Designed for Long-Term Alignment
The Summit Model was intentionally designed to create operational alignment between MedCBO and the physician groups we support. Rather than functioning as a fragmented vendor relationship, the model is intended to provide a long-term operational infrastructure capable of supporting physician independence, organizational scalability, and evolving practice complexity over time.
Access to Startup Capital
How do people actually pay for all this?
Many independent practices utilize SBA-backed and conventional healthcare lending solutions to fund startup expenses, buildout costs, equipment purchases, technology implementation, working capital, and early operational needs.
While MedCBO does not provide financing, we maintain relationships with healthcare-focused banking and lending partners that understand physician practices and independent healthcare organizations.

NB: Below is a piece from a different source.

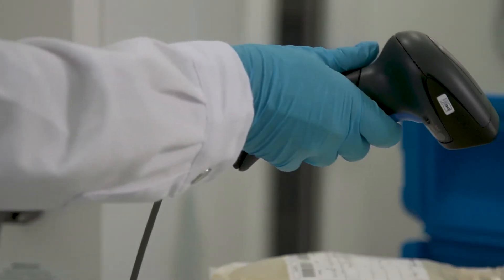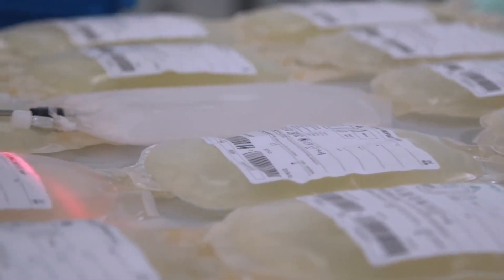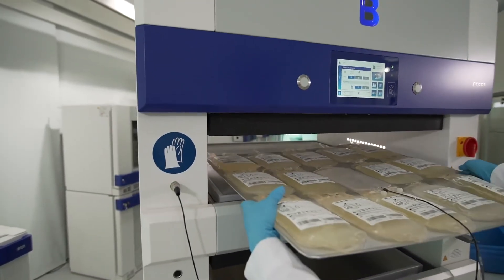Always start loading in the centre of the plate. The bags shall not overlap each other, but freezing in double layer is allowed. Once the freezing plate is ready to operate, place the tray inside the CSF.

Our team can help connect qualified groups with lending resources as part of the startup planning process.
Common Uses for Healthcare Startup Financing
- Clinic buildout and tenant improvements
- Medical equipment and furnishings
- Technology and EHR implementation
- Initial staffing and payroll reserves
- Working capital during credentialing and payer enrollment
- Practice acquisition and expansion opportunities
What Lenders Typically Evaluate
Most healthcare lending partners evaluate a physician’s personal credit profile, debt-to-income position, liquidity, professional licensure, clinical experience, and overall financial history. Bankruptcies, tax liens, foreclosures, significant collections, moderate or low credit, or unresolved credit issues may affect eligibility, depending on the lender and loan program.
Lenders also review the business opportunity itself, including startup budget, projected revenue, operating expenses, market feasibility, and capital needs–don’t worry, we help you with this part. Meeting common lending criteria does not guarantee funding, and all approval decisions are made solely by the lender.